Your task: Copy every line of the material precisely.

Dataset extract:
- - - - - - -
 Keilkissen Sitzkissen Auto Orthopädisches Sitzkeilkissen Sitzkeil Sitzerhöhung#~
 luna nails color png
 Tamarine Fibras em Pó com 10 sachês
- - - - - - -
Response area:
 Keilkissen Sitzkissen Auto Orthopädisches Sitzkeilkissen Sitzkeil Sitzerhöhung#~
 luna nails color png
 Tamarine Fibras em Pó com 10 sachês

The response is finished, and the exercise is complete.